--- Task description ---
All entries are to be printed again exactly, with their images omitted.

--- Task inputs ---
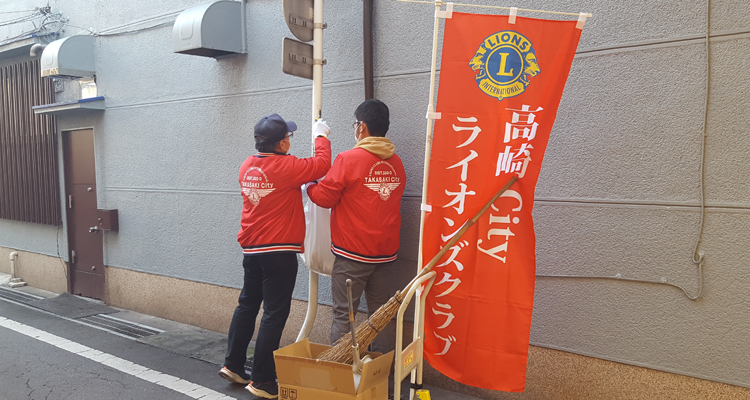 地域密着の活動 いたずらシール剥がし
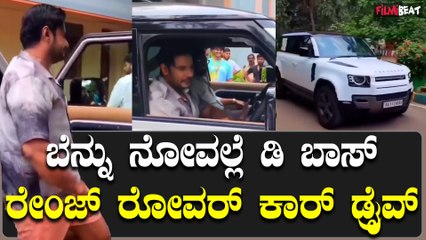 Darshan : ಬೆನ್ನು ನೋವು ಇದ್ದರೂ ಡಿ ಬಾಸ್ ಕಾರ್ ಕ್ರೇಝ್ಗೇನು ಕಮ್ಮಿ ಇಲ್ಲ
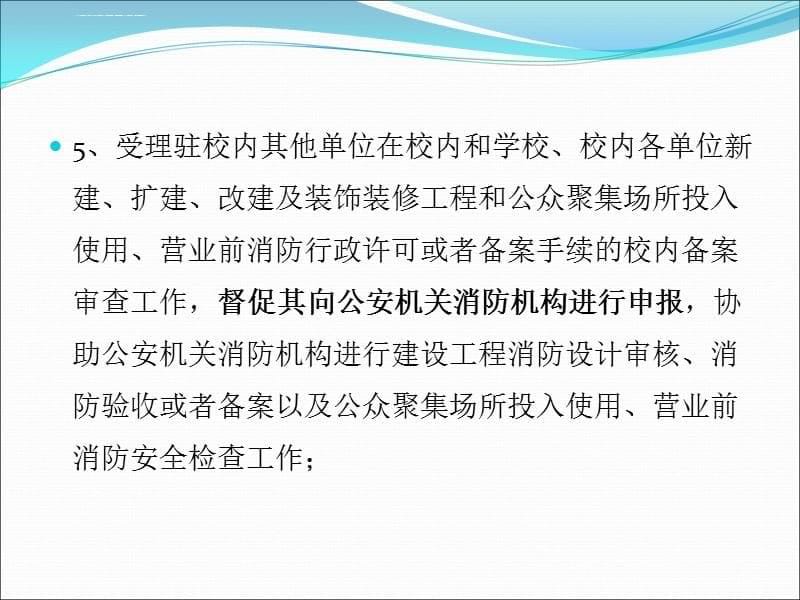 管理人员消防安全培训内容课件_第5页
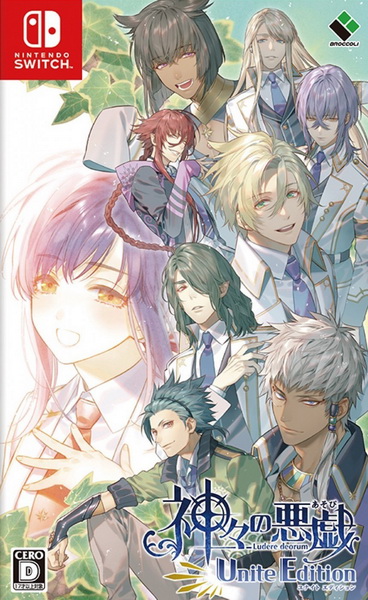 诸神的恶作剧：联合版.Kamigami no Asobi Ludere Deorum: Unite Edition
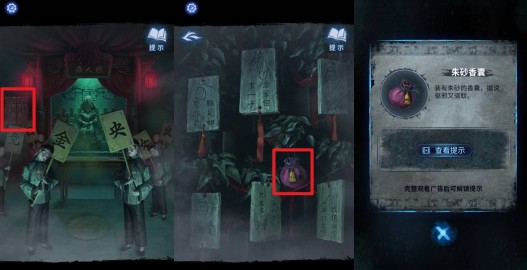 纸嫁衣8千子树第三章六礼轩蜡烛谜题攻略(图3)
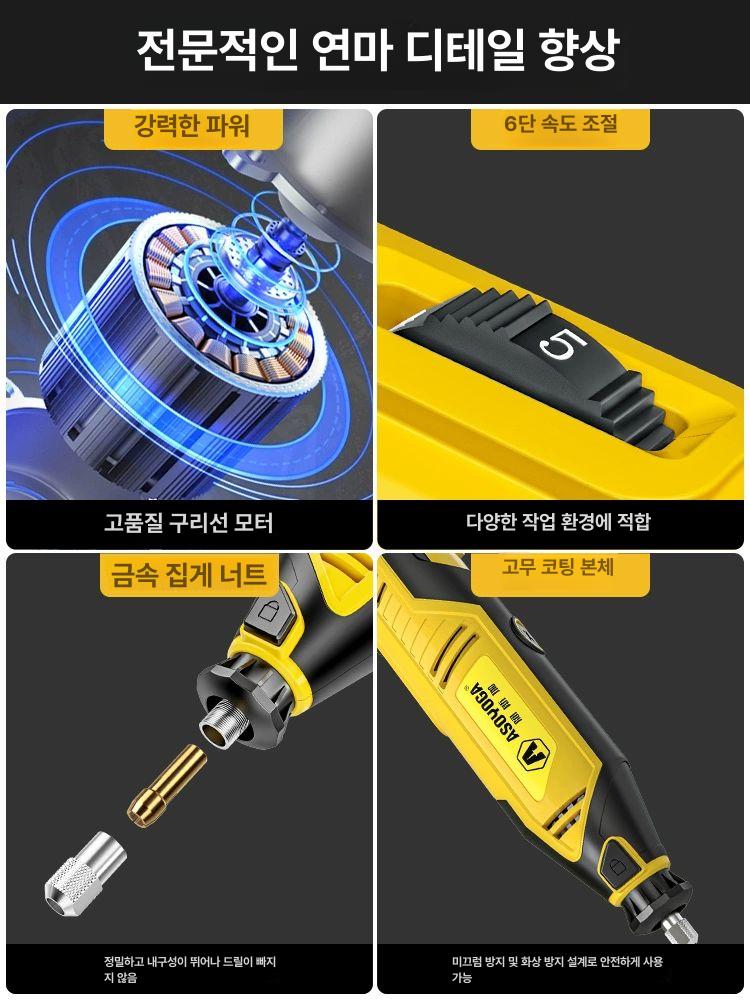 베이비 그라인더 세트 휴대용 연삭 연삭기 전동 유선 기본 - 상세 이미지 5
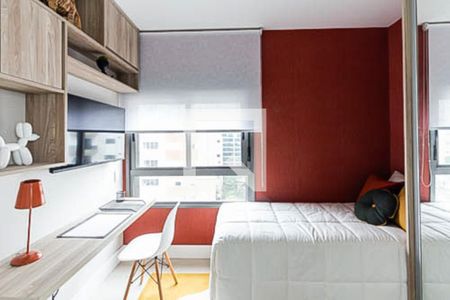 Apartamento para alugar com 99m², 2 quartos e 1 vaga Apartamento para alugar com 99m², 2 quartos e 1 vagaSuíte 1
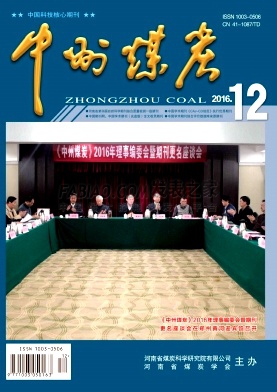 中州煤炭雜志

--- Written answer ---
 地域密着の活動 いたずらシール剥がし
 Darshan : ಬೆನ್ನು ನೋವು ಇದ್ದರೂ ಡಿ ಬಾಸ್ ಕಾರ್ ಕ್ರೇಝ್ಗೇನು ಕಮ್ಮಿ ಇಲ್ಲ
 管理人员消防安全培训内容课件_第5页
 诸神的恶作剧：联合版.Kamigami no Asobi Ludere Deorum: Unite Edition
 纸嫁衣8千子树第三章六礼轩蜡烛谜题攻略(图3)
 베이비 그라인더 세트 휴대용 연삭 연삭기 전동 유선 기본 - 상세 이미지 5
 Apartamento para alugar com 99m², 2 quartos e 1 vaga Apartamento para alugar com 99m², 2 quartos e 1 vagaSuíte 1
 中州煤炭雜志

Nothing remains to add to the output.